Steph speaks with the passion and conviction of a politician at a hustings. ‘You can send a shiver down the spine with talk like that,’ I told her.

The chat with Steph and her neighbours was just one mug of tea in a tour of Fair Share Trust funded projects around Greater Manchester.

I have stood on the sidelines at Sale Moor Community Football Club and heard how local anti-social behaviour has drastically reduced since the club was set up; I have interviewed and photographed at a Wigan garage where young people take time out from school to learn skills and experience the workplace… and get jobs.

In Bolton I reported on a gardening project that benefits the volunteers as much as the older residents whose flower beds they tend; and over in Eccles I witnessed a disused community hall come back to life as a choral group raised the roof.

Sounds all positive and fluffy, right? Well, after a decade spending £6m you’d expect there to be plenty of success stories out there. But as Nick Massey, Forever Manchester’s chief executive, explains in his introduction to the 112-page book, there have also been plenty of ‘quarrels, squabbles, tiffs and spats, walk-outs, tears, accusations of scheming and trickery, family feuds, heartache and intrigue’.

In the book you hear the voices of those who are doing the grafting, those whose lives have moved on because they maybe volunteered for this or that, those getting satisfaction from giving to their neighbourhoods.

What’s refreshing is I get to tell it as I see it and the text doesn’t travel up and down three levels of management before it’s signed off.

But, although stories like these are always a great leap forward from the sterile report, there are shortcomings too. I’m only introduced to those who have engaged in the process. What about those who have fallen by the wayside during ‘the tiffs and the breakups’?

And whose story is it, anyway? In taking stories from ‘the community’ there’s inherently an imbalance. Professionals and people like me who are hired by them, are always going to take a different slant on the issues than the proponents themselves.

In my extended blog project, Her First Year, about a Moss Side teenage mum, I wrote about and photographed Frances and her wonderful baby, Mia. Frances wrote too. At first she’d send me long texts from her mobile phone which I uploaded, and later she was given a secondhand laptop on which she wrote emotive updates, littered with spelling mistakes and bereft of punctuation. Readers said these insights were the best bits of the story. (Interestingly, when the blog was featured in the Guardian Weekend Magazine, the editor corrected all Frances’ contributions).

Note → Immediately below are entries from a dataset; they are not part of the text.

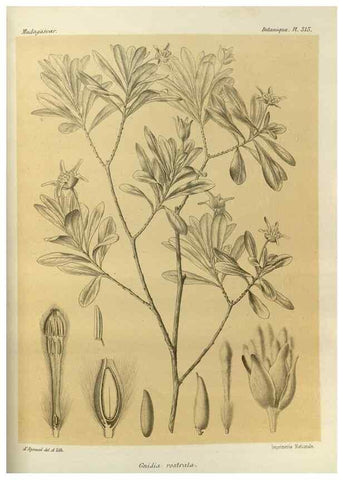 Reproducción/Reproduction 49785507658: Histoire physique, naturelle, et politique de Madagascar. Paris :Impr. nationale,1885-. 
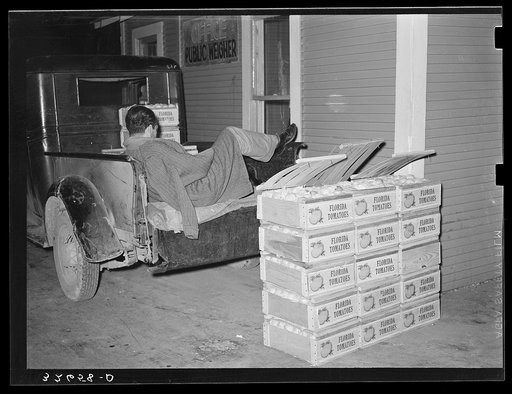 Tomato peddler asleep in back of his truck at early morning vegetable market. San Antonio, Texas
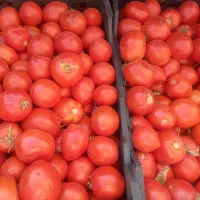 گوجه ربی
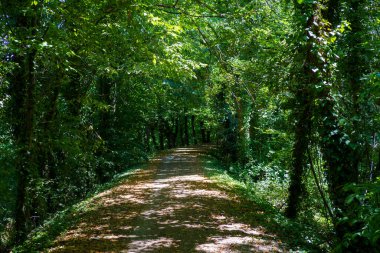 Yazın Treviso, Veneto, İtalya yakınlarındaki Sile nehrinin bisiklet yolu boyunca manzara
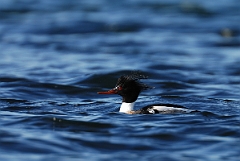 David Plant Photography - Wildlife Photography - Red-breasted merganser - B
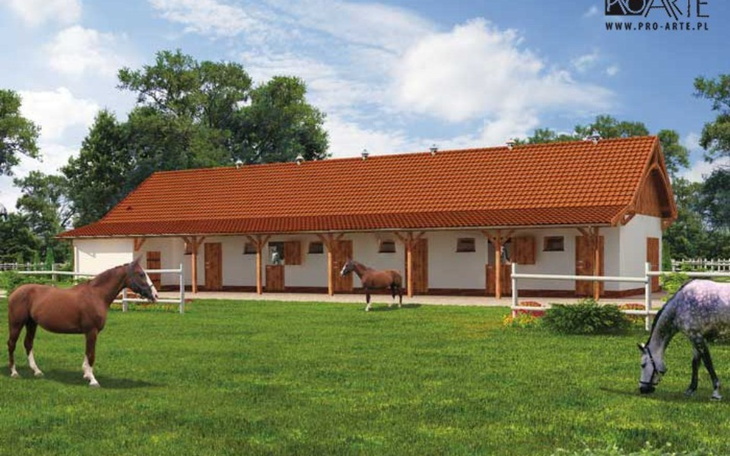 Zbiórka Budowa stajni marzeń - zdjęcie główne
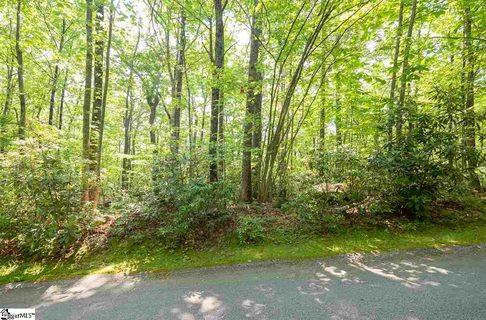 314 Mountain Laurel Drive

Back in Oldham Steph asks: ‘There’s a philosophy call asset-based community development. Have you heard of it?’

As its names suggests, ABCD is an approach that emphasises what a community has, rather than what it doesn’t; it exploits the positives that residents can jointly offer rather than dwell on what is lacking. As Nick Massey described on these pages last year, it’s a fundamentally new way of working and pretty much tips everything else on its head.

In the last 18 months of the 10-year Fair Share Trust programme, Forever Manchester embraced this new approach and residents like Steph started to ask, ‘Why didn’t we have this from the beginning?’ Community builders replaced development workers and the shift of ‘power’ (and that’s not too strong a word) moved from professionals to residents.

Now it’s to do with making connections between different people in the neighbourhood and the community builders get that process going. In ABCD terms, a strong community is a well connected community and that, in itself, raises challenges for evaluation.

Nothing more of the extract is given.